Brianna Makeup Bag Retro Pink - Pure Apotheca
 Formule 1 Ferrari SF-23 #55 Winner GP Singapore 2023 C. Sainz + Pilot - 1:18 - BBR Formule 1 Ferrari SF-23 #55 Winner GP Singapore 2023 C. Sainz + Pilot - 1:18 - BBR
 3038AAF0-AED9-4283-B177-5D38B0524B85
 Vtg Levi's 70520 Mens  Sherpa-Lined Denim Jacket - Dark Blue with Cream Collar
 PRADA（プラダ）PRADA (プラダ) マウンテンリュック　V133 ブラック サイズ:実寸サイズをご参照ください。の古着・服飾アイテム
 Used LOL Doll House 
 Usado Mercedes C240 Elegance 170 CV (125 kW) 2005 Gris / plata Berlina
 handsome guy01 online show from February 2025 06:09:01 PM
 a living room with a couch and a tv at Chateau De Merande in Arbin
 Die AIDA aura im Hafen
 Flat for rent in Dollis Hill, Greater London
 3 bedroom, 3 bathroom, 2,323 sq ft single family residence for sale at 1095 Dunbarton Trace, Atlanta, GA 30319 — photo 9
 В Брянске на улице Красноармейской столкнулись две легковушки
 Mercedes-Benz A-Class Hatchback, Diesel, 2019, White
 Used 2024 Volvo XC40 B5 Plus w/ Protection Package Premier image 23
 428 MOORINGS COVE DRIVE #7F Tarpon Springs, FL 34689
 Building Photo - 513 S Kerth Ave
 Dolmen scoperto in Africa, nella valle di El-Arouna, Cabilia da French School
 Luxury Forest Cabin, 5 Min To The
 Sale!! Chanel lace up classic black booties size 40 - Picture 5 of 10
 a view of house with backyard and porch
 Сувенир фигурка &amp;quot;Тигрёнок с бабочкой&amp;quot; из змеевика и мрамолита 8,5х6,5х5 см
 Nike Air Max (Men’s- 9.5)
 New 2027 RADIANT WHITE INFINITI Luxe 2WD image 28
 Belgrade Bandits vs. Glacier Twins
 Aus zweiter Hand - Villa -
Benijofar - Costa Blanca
- - -
* **ASSIGNMENT**
Everything from the line with "Mercedes-Benz A-Class Hatchback, Diesel, 2019, White" through the line with "New 2027 RADIANT" in the listing above must be retyped exactly, with nothing added.

* **SOLUTION TO THIS TASK**
 Mercedes-Benz A-Class Hatchback, Diesel, 2019, White
 Used 2024 Volvo XC40 B5 Plus w/ Protection Package Premier image 23
 428 MOORINGS COVE DRIVE #7F Tarpon Springs, FL 34689
 Building Photo - 513 S Kerth Ave
 Dolmen scoperto in Africa, nella valle di El-Arouna, Cabilia da French School
 Luxury Forest Cabin, 5 Min To The
 Sale!! Chanel lace up classic black booties size 40 - Picture 5 of 10
 a view of house with backyard and porch
 Сувенир фигурка &amp;quot;Тигрёнок с бабочкой&amp;quot; из змеевика и мрамолита 8,5х6,5х5 см
 Nike Air Max (Men’s- 9.5)
 New 2027 RADIANT WHITE INFINITI Luxe 2WD image 28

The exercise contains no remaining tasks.